Beaudoin, Dodds, Acharya, and Schalk are currently working on the formulation and implementation of a physically motivated gradient single crystal plasticity model to explain size effects in metallic single crystal response. Special emphasis has been put so far on the implementation of the Mechanical Stress Threshold (MTS) model. At present, a material subroutine has been written for rate-dependent, isothermal yield behavior, incorporated into ABAQUS and used to simulate stress relaxation for aluminum alloys (Fig. 3.6)(TO BE INSERTED). A literature search for the D6AC steel used in the Space Shuttle has provided a report on biaxial testing, authored by the Defense Science and Technology Organization of Australia. The experimental data available in that report will be used to fit the parameters to the MTS model for D6AC. Future plans involve extending the formulation to polycrystalline plasticity and incorporating the final model in existing 3-D ductile fracture codes such as WARP3D. This part of the project also involves close collaboration with Dr. Stout’s group at LANL where Beaudoin and one of his students (Michael Bange) spent a substantial part of this past summer collecting high strain rate and high temperature data on aluminum alloys.
At a much smaller scale, Averback, Sofronis, and Albe have recently started to develop a coupled continuum/molecular dynamics scheme to study the debonding of polymeric-ceramic interfaces. As a first step, interfacial fracture between metals and their native oxides will be studied as model for interfacial fracture in a rigid/plastic system. Work is currently underway to develop the appropriate potentials for this system.

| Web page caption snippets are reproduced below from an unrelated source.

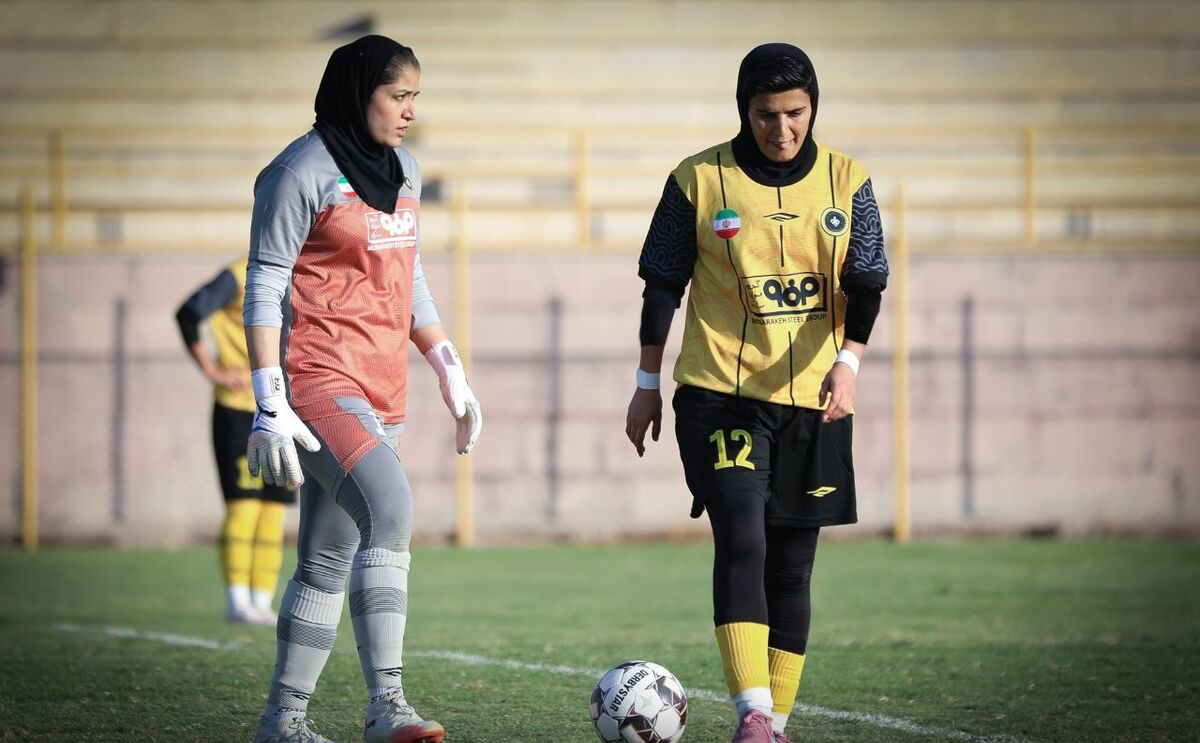 نبرد ۶ امتیازی سپاهان و ملوان در نصف جهان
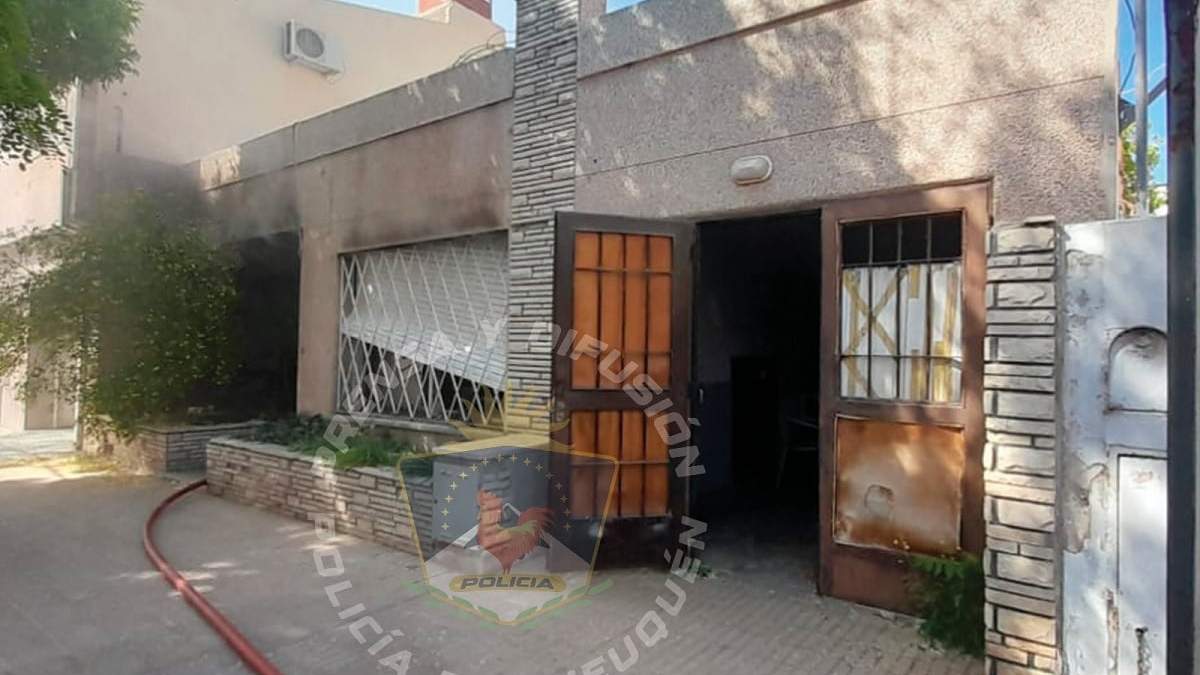 El incendio se registró en Roca 774, de Neuquén. Fuente: (Policía de Neuquén)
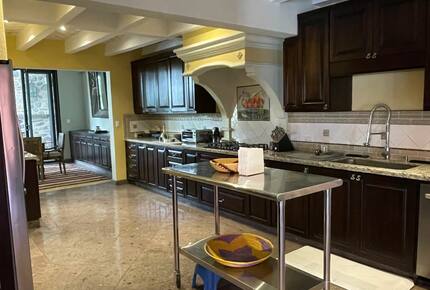 Terracotta Haven with Rooftop Fire Lounge & Courtyard Living - San Miguel de Allende, Mexico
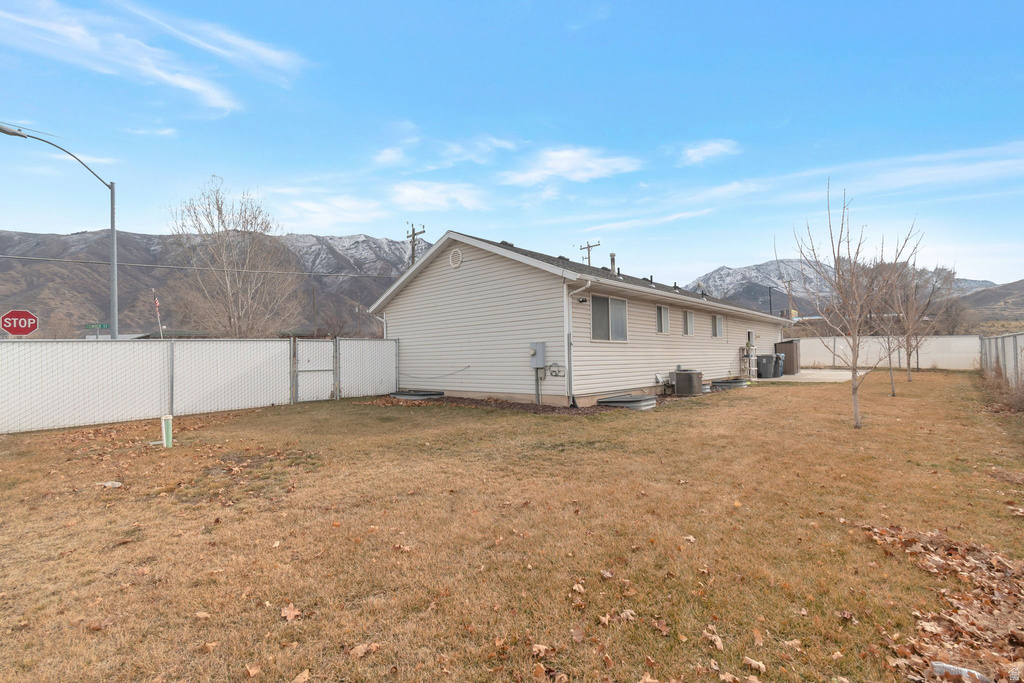 566 S CENTER ST Santaquin, UT 84655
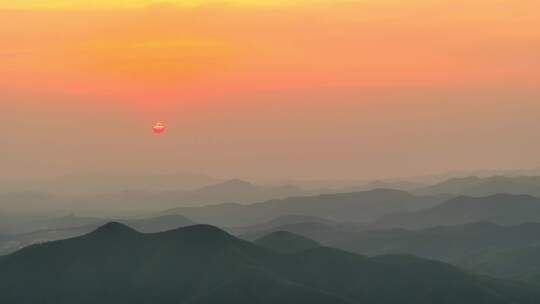 航拍夕阳黄昏山脉千里江山图群山火烧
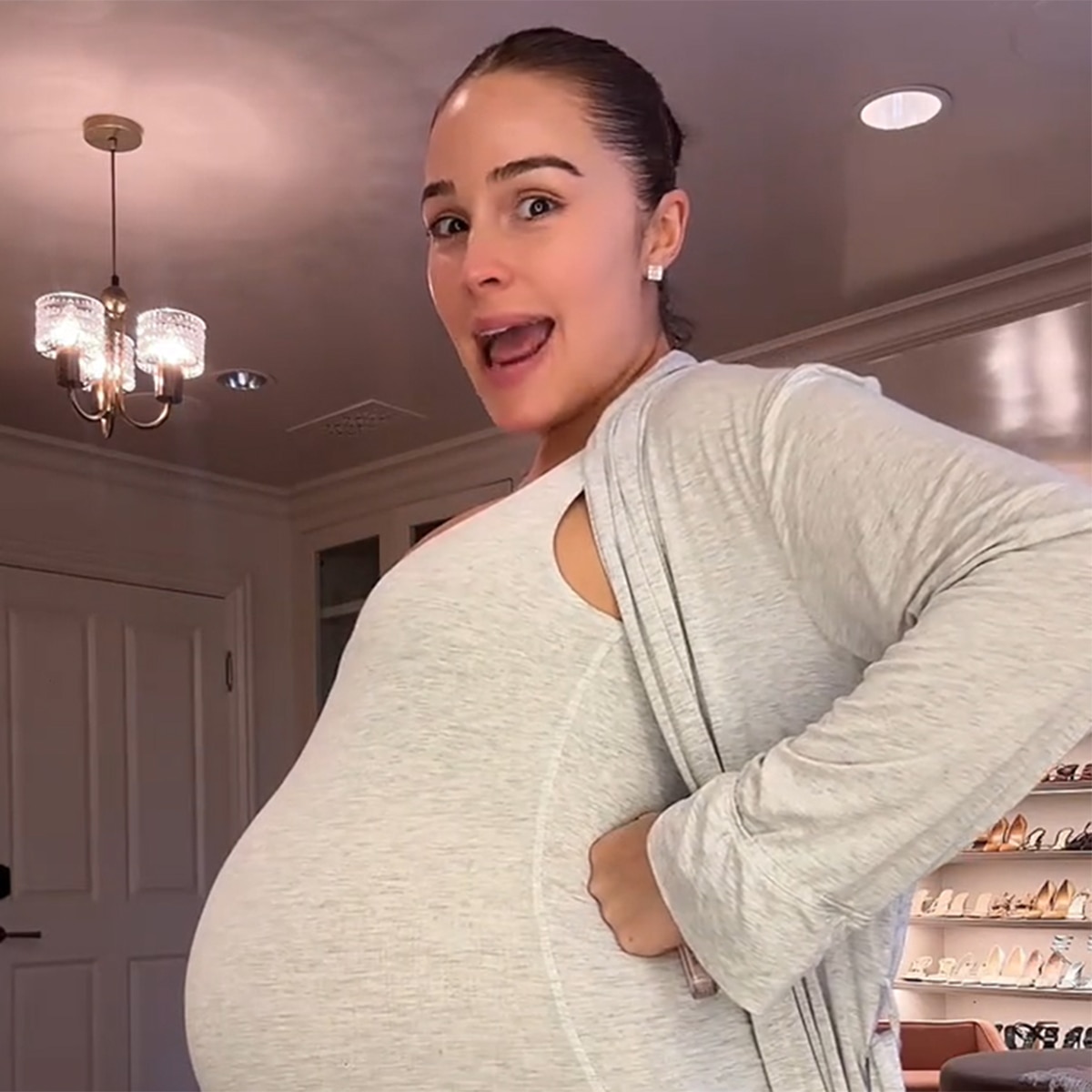 Olivia Culpo Reacts Comments About Her Pregnancy Weight Gain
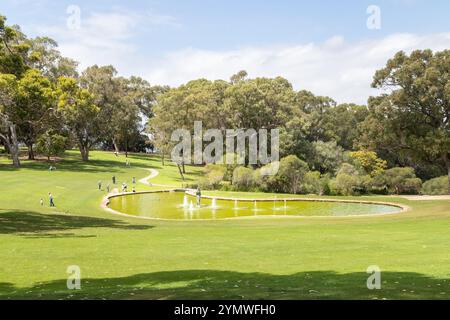 PERTH, AUSTRALIA - 12 ottobre 2024: Parte del Kings Park a Perth Australia che mostra lo stagno e le persone nel parco Foto Stock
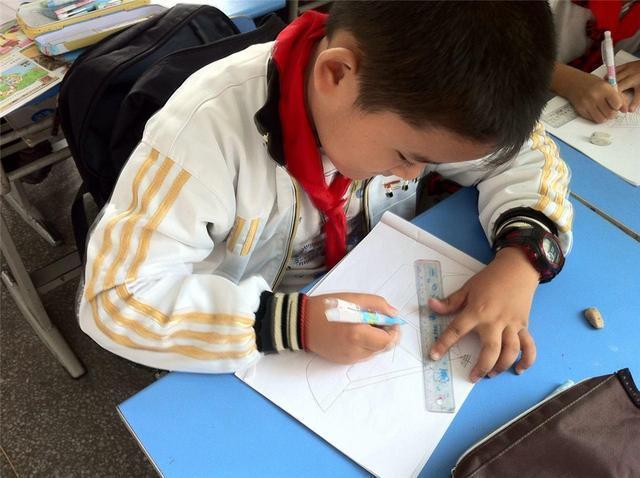 睡姿|老师让小学生“画妈妈”,孩子的作品画风跑偏,妈妈看见想打人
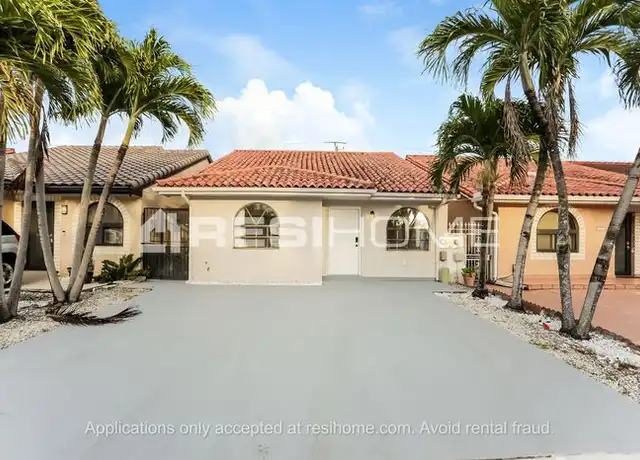 Property at 5711 W 20th Ct, Hialeah, FL, 33016, 4 beds, 2 baths, [object Object]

Finally, molecular dynamics (MD) simulations are also used by Schweizer to study the tracer diffusion of penetrants in dense polymeric materials. This phenomenon is of fundamental importance in a variety of material reliability and aging problems. It is a slow process, and thus difficult or impossible to simulate at the atomistic level via classical MD techniques. A project has been initiated to develop a novel hybrid theory-simulation approach that combines short time MD results with nonequilibrium statistical dynamical theory for long time motion. The goal is to predict for specific material systems both the macroscopic penetrant diffusion constant and anomalous non-Fickian transport at intermediate times. In collaboration with scientists at Sandia National Laboratory, future work will continue to focus on methodology development, and also quantitative tests of the hybrid approach by comparing its predictions against massive simulations for model systems consisting of small spherical penetrant particles diffusing in polymer melts of variable local structures.